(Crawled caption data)
= = =

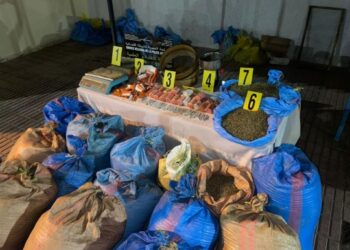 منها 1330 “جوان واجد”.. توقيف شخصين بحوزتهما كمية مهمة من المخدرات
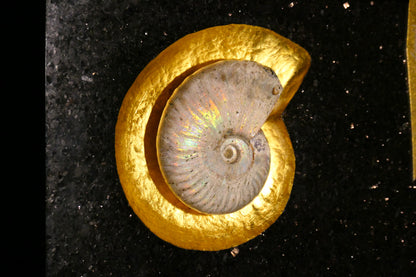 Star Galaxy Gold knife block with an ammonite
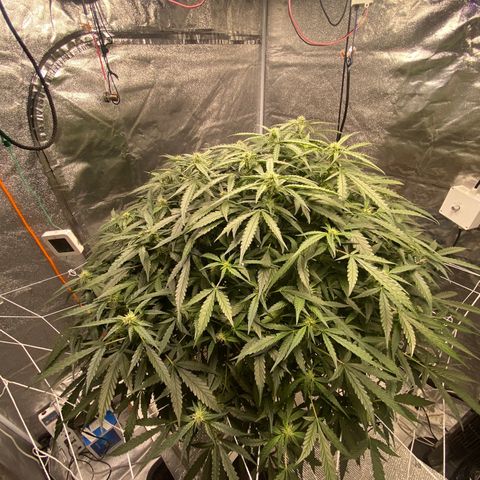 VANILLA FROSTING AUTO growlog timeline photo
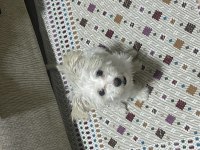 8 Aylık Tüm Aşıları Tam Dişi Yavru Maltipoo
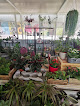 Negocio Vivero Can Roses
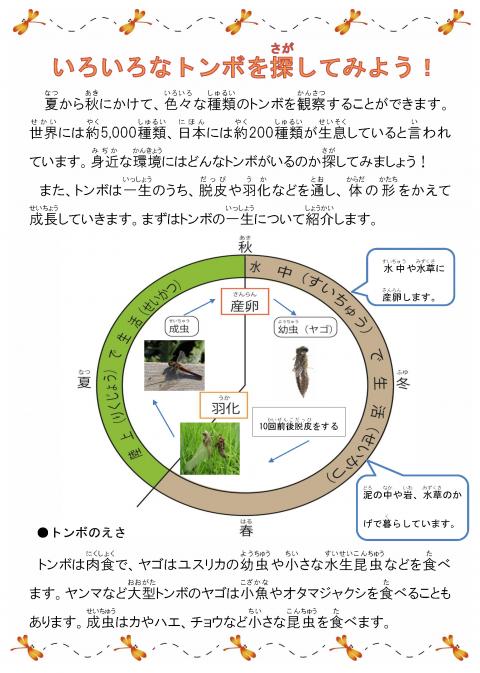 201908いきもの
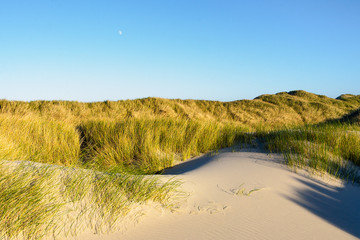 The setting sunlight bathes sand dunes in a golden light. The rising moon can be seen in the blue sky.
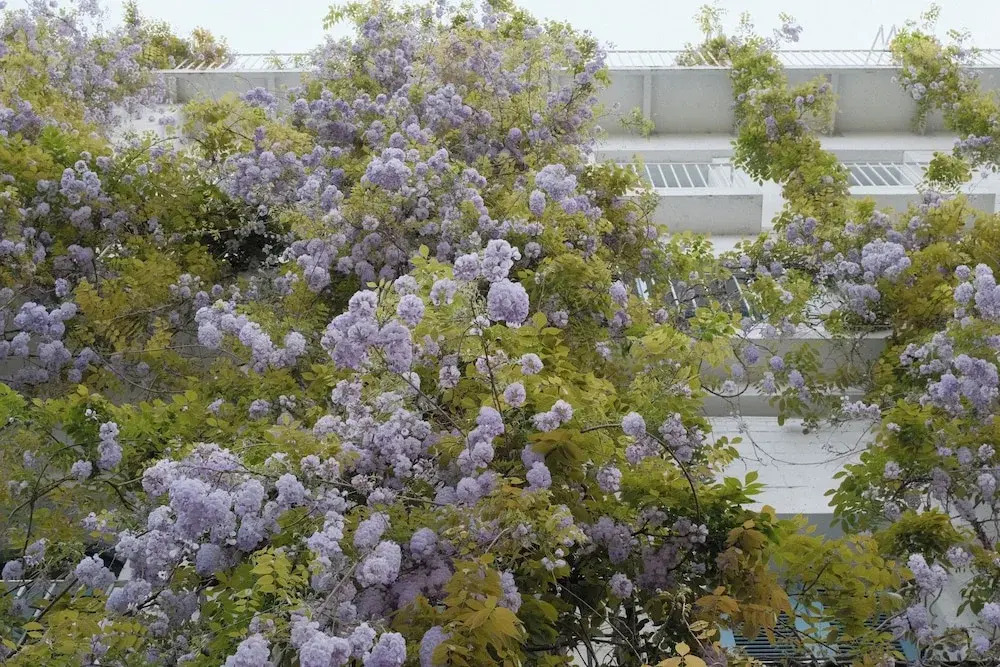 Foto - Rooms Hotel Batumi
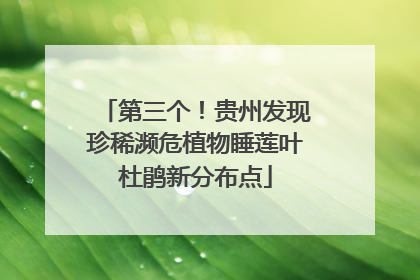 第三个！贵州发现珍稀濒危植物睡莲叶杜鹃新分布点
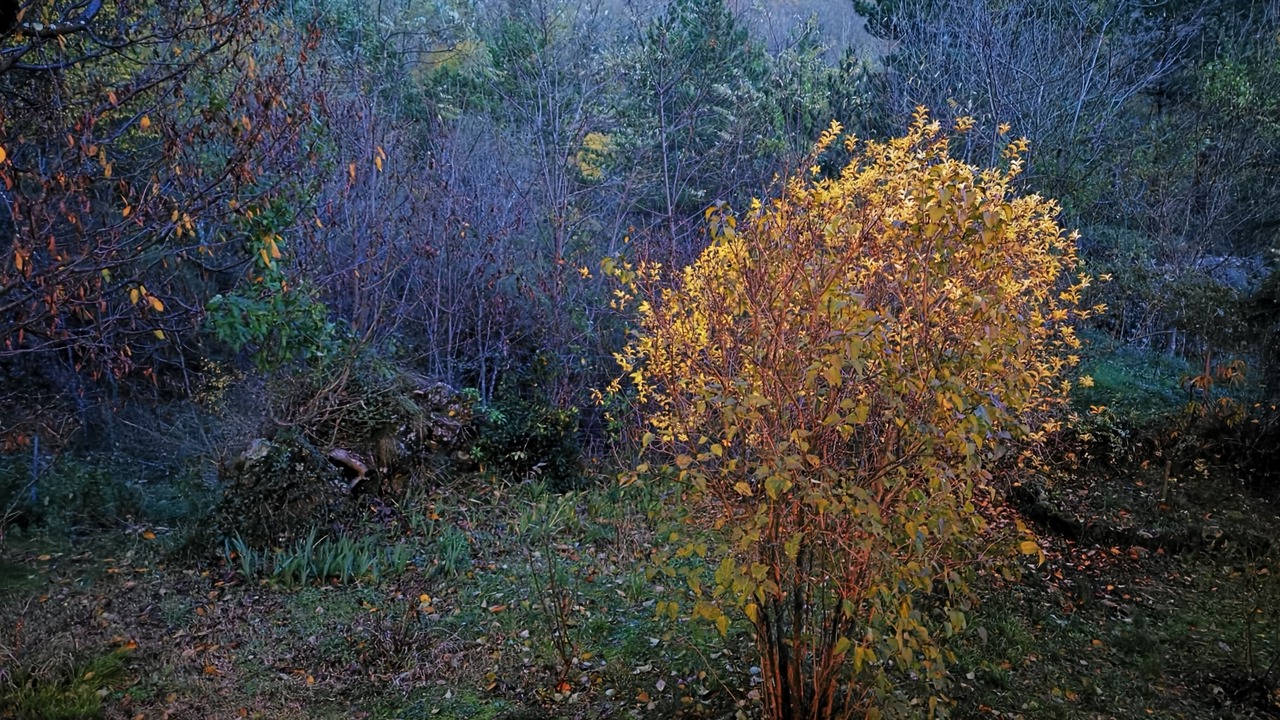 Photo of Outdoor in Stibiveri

= = =

**Task to carry out**. Going from the line holding "VANILLA FROSTING AUTO growlog timeline photo" to the last line of the data above, reproduce every line exactly, both included, with the pictures omitted.

**Response area**.
 VANILLA FROSTING AUTO growlog timeline photo
 8 Aylık Tüm Aşıları Tam Dişi Yavru Maltipoo
 Negocio Vivero Can Roses
 201908いきもの
 The setting sunlight bathes sand dunes in a golden light. The rising moon can be seen in the blue sky.
 Foto - Rooms Hotel Batumi
 第三个！贵州发现珍稀濒危植物睡莲叶杜鹃新分布点
 Photo of Outdoor in Stibiveri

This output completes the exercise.